Comment Re:I doubt that's true (Score 1) 448
Technology is layered. The spiffy stuff we can do with with software hasn't come about because of a few orders of magnitude increase in the efficiency of software. It has come about because the hardware has been driving vastly more power into the device. Smart phones were not waiting for inventive programmers. They were waiting for low power and fast chips. Inventive software maybe shaves a year or two off the time when it is useful to a consumer.

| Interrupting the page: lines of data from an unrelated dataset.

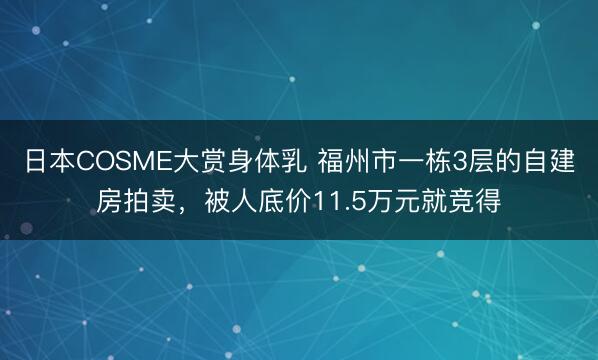 日本COSME大赏身体乳 福州市一栋3层的自建房拍卖，被人底价11.5万元就竞得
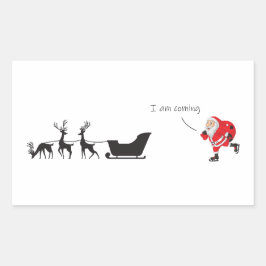 Pegatina Rectangular Funny santa 'I am coming' for sleigh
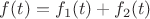 $f(t)=f_1(t)+f_2(t)$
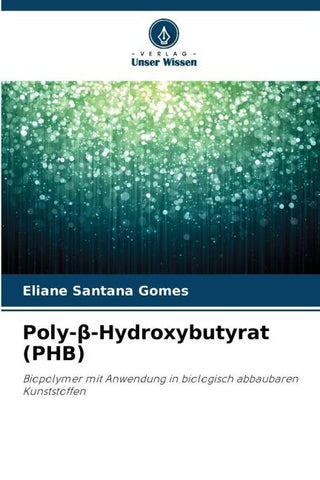 Poly-¿-Hydroxybutyrat (PHB)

I'm not trashing software. Software is important. However, a lot of software is just stuff floating on the surface of a massive tech pyramid that supports it. It gets a lot of attention because it is what we see. The question you have to ask is, do you want your best and brightest putting paint onto the highest level of this tech pyramid, or do you want them advancing the foundation. Good software gets you prettier apps that run a little faster. Good hardware gets you orders of magnitude faster processors that run at a fraction of the power, that are a fraction of the size, and cheaper than the generation that came before. Your spiffy Google glasses or Google contacts lenses are going to exist because someone made a break through in a semi-conducting lab, not because Google wrote some spiffy software.
The Internet has brought us a lot of wonderful and socially useful things. The world is a vastly better place for having it. That said, and this was Neal's point, we have funneled a huge portion of our creative energy into it, to the point that much of the rest of science has gotten the bum shoulder. It is important to have a pile of people running around making the tech useful for the masses, there is only so much you can do if the rate of innovation on all the bits that support that front slow down.